* _Directions for this task_
With the exception of the pictures, transcribe the entire listing exactly.

* _Raw data_
★ ★ ★ ★ ★ ★ ★

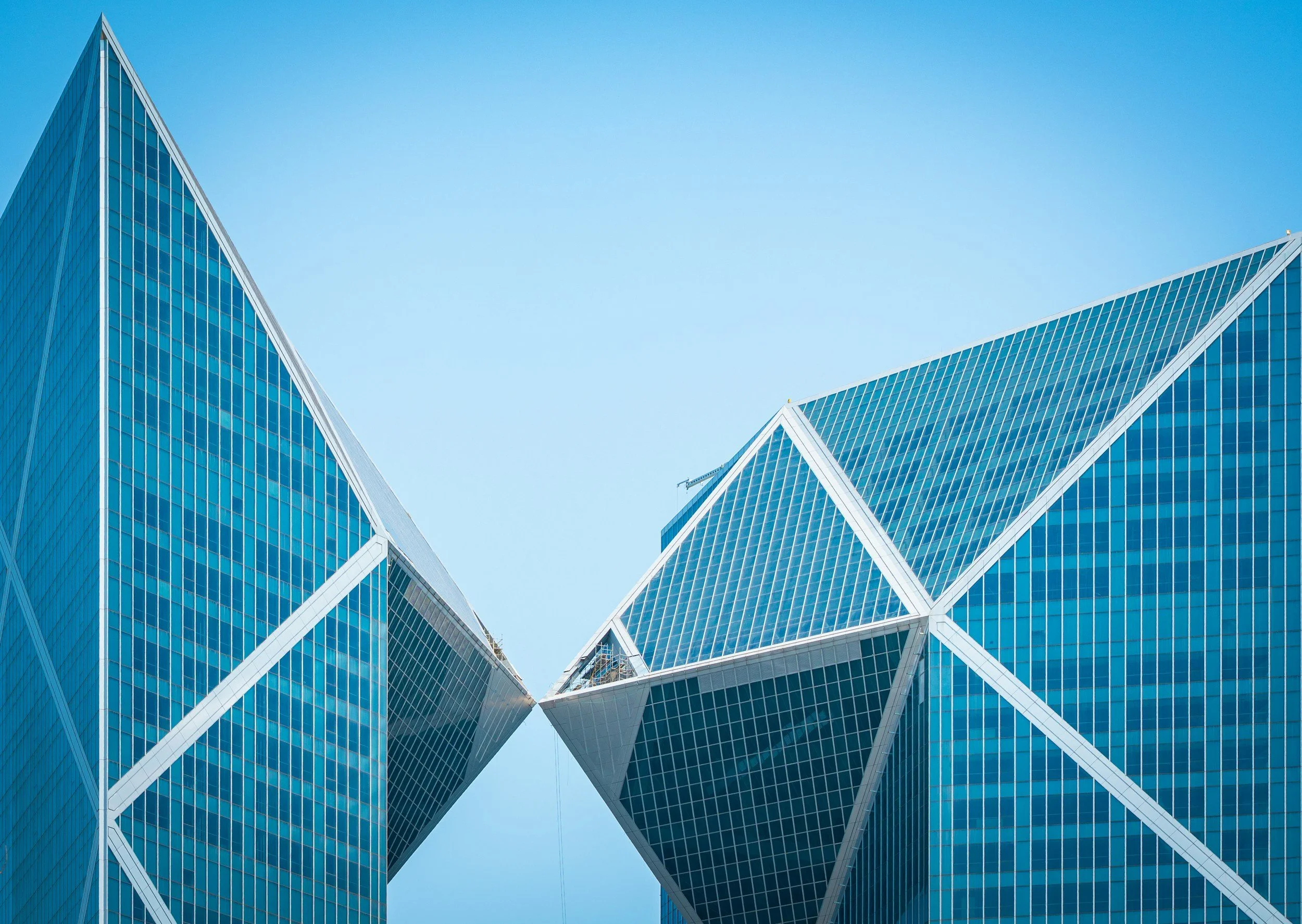 Poikkeamisluvat rakentamislaissa: poikkeamislupa, alueellinen poikkeaminen ja vähäinen poikkeaminen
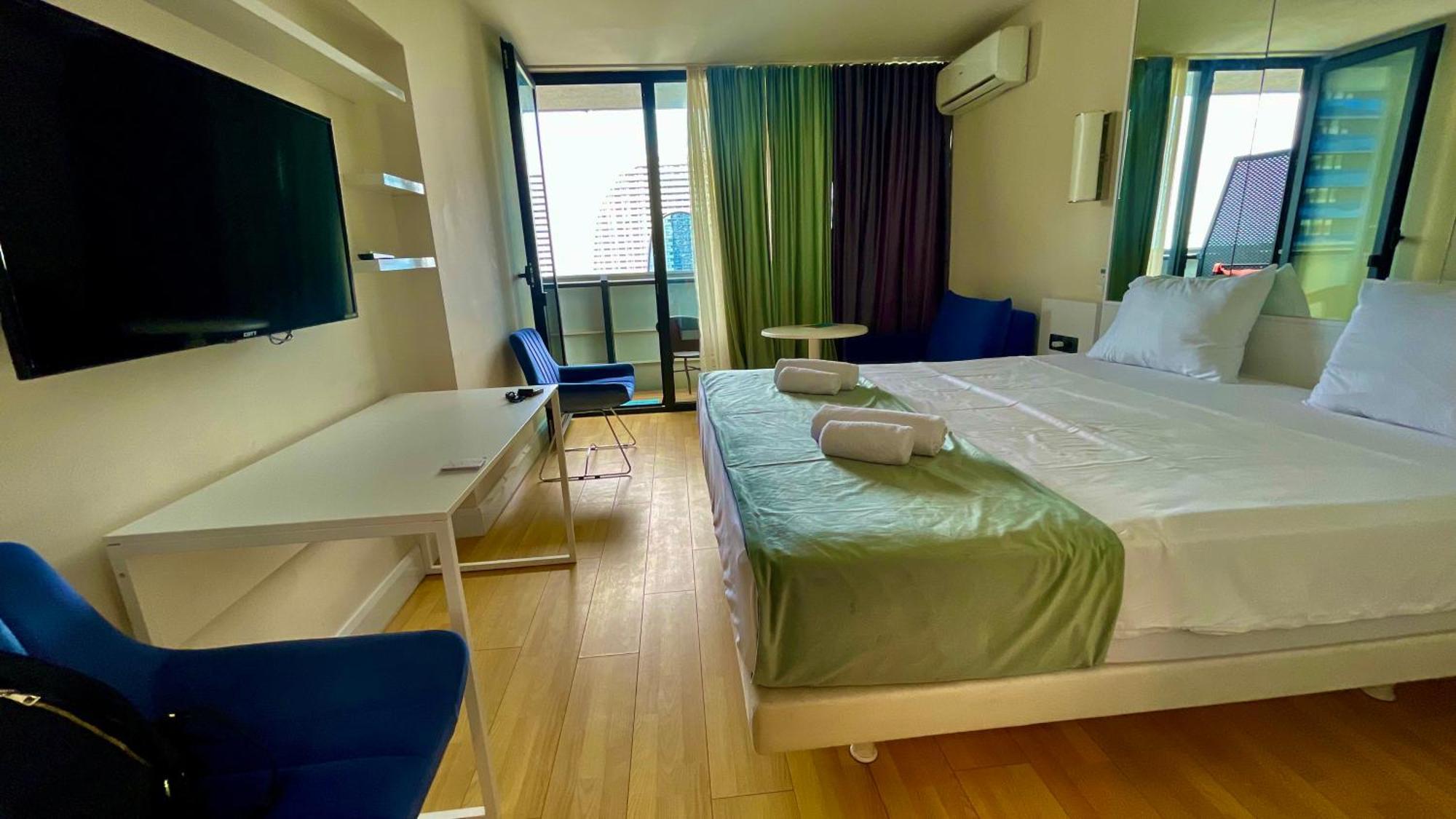 Marvella Orbi City Sea View باتومي المظهر الخارجي الصورة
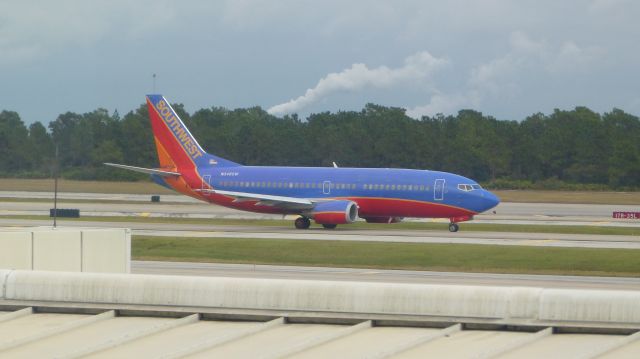 BOEING 737-300 (N346SW)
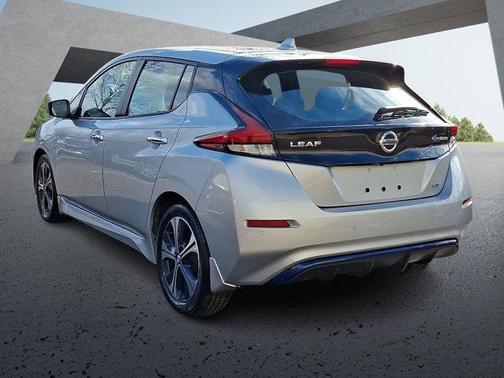 2022 Nissan Leaf SV 40 kWh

★ ★ ★ ★ ★ ★ ★

* _Output of the exercise_
 Poikkeamisluvat rakentamislaissa: poikkeamislupa, alueellinen poikkeaminen ja vähäinen poikkeaminen
 Marvella Orbi City Sea View باتومي المظهر الخارجي الصورة
 BOEING 737-300 (N346SW)
 2022 Nissan Leaf SV 40 kWh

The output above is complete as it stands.